Pour sa part, le ministre de l’Éducation nationale et de la Formation Professionnelle, lui aussi, gigote un peu pour bien montrer qu’il est dans le coup et qu’il maîtrise, tout-à-fait, la situation. Il s’est fendu d’un démenti, après avoir coulé une information relative à la reprise des activités scolaires: soit à la première semaine de décembre, soit après les fêtes. Du coup, il accrédite le fait qu’il n’a aucun contrôle sur le calendrier scolaire et le bon fonctionnement des établissements à sa charge directe ou indirecte. Enfin, on ne peut pas trop lui en vouloir, à ce ministre chevauchant deux ministères totalement différents: le Ministère de l’Intérieur et des collectivités territoriales, d’un côté, et celui de l’Éducation nationale, de l’autre. Il est rare d’être très performant en étant, à la fois, au four et au moulin, surtout quand les résultats n’étaient déjà pas mirobolants, lorsqu’on n’avait rien qu’un seul mandat à réussir. Mais on fait ce qu’on peut avec ce qu’on a. Alors, ce n’est pas surprenant d’avoir les résultats affligeants que nous affichons régulièrement, dans n’importe lequel de ces deux ministères qui lui ont été imprudemment confiés.

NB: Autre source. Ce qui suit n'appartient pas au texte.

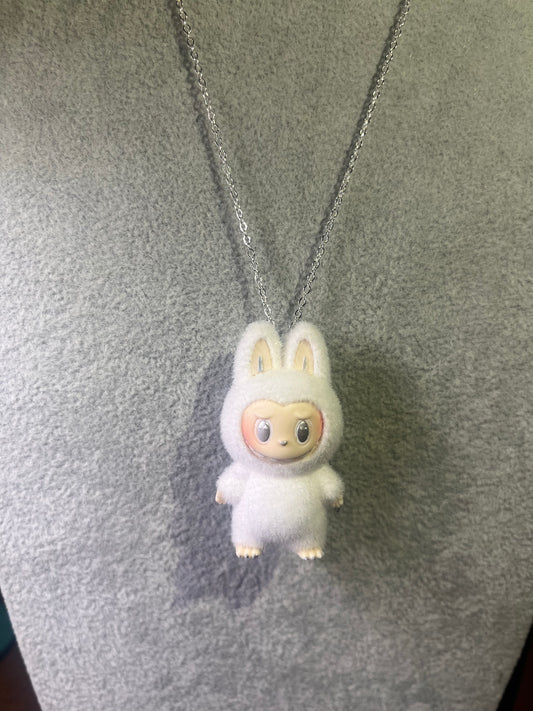 Collar Labubu ángel blanco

En même temps, pour faire diversion et créer un écran de fumée qui attire l’attention pendant que l’Exécutif agit en sous-main, ailleurs, le Commissaire du gouvernement mène une charge à fond de train contre ces «membres du Système» qui dépècent le pays et privent ses filles et ses fils d’un avenir radieux, depuis trop longtemps. À l’évidence, dans le dossier SOGENER, l’État commet gaffe après gaffe et déni de justice par-dessus maladresse évidente. C’est à se demander s’il ne s’agirait pas d’une action délibérée, afin de garantir l’échec de la poursuite de l’État, dans le procès à venir contre ce partenaire.

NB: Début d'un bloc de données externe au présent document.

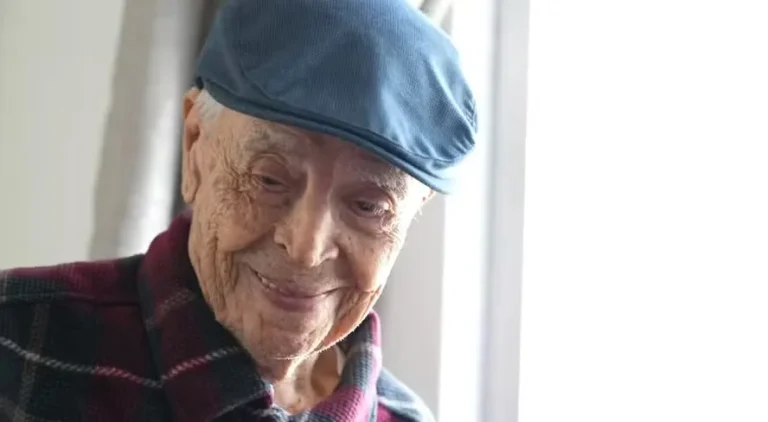 Homem mais velho do mundo revela aos 112 anos o segredo da longevidade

Mais tout cela, c’était du côté du gouvernement qui se démène comme un diable dans le bénitier, pour reprendre la main, pour démontrer qu’il agit, qu’il a le contrôle, enfin, qu’il mérite de se voir confier une autre chance pour redresser la situation. Même quand les résultats ne sont pas à l’horizon et surtout pas à la porte, il conviendrait, néanmoins, que l’opposition qui voudrait le bouter dehors, nous démontre un peu de son savoir-faire. Tout d’abord, quid de l’Accord de Marriott et de ses suites? Quel serait le Président provisoire pressenti qui puisse inspirer un peu de confiance et distiller un filet d’espoir à cette population qui n’en peut plus d’attendre et de souffrir? Quel est le plan de sauvetage national pour parer au plus pressé? J’avais l’impression d’un «calbindage» politique qui me faisait craindre le pire. Ma tante, qui avait toujours un proverbe pour chaque circonstance, ne manquerait pas de dire, en l’occurrence: «tout ce qui traîne finit par se salir». Et elle aurait bien raison. À la radio, un porte-parole, l’ex-député Jean-Robert Bossé, vient atténuer mes craintes. La Passerelle aura permis aux factions politiques de l’opposition, signataires de l’Accord de Marriott de faire un autre pas. Un accord serait intervenu quant au profil de la personnalité à désigner comme président provisoire et des recommandations seront faites bientôt. D’ici le mercredi 27 novembre, nous devrions être fixés sur ce point, à tout le moins. Une feuille de route aurait été définie pour le fonctionnement du gouvernement provisoire. On serait maintenant rendu à l’étape des discussions avec les potentiels ministres et premiers ministres. À l’entendre, le gros du travail aurait été fait. Les discussions avec les potentiels ministrables seraient plus faciles à conduire qu’avec le potentiel Président provisoire, étant donné son statut de Juge à la Cour de Cassation qui le placerait dans une situation délicate et pas très accessible. Si tel est le cas, je m’accrocherai encore au brin d’espoir qui m’empêche de sombrer dans un pessimisme sans bornes, pour ce pays.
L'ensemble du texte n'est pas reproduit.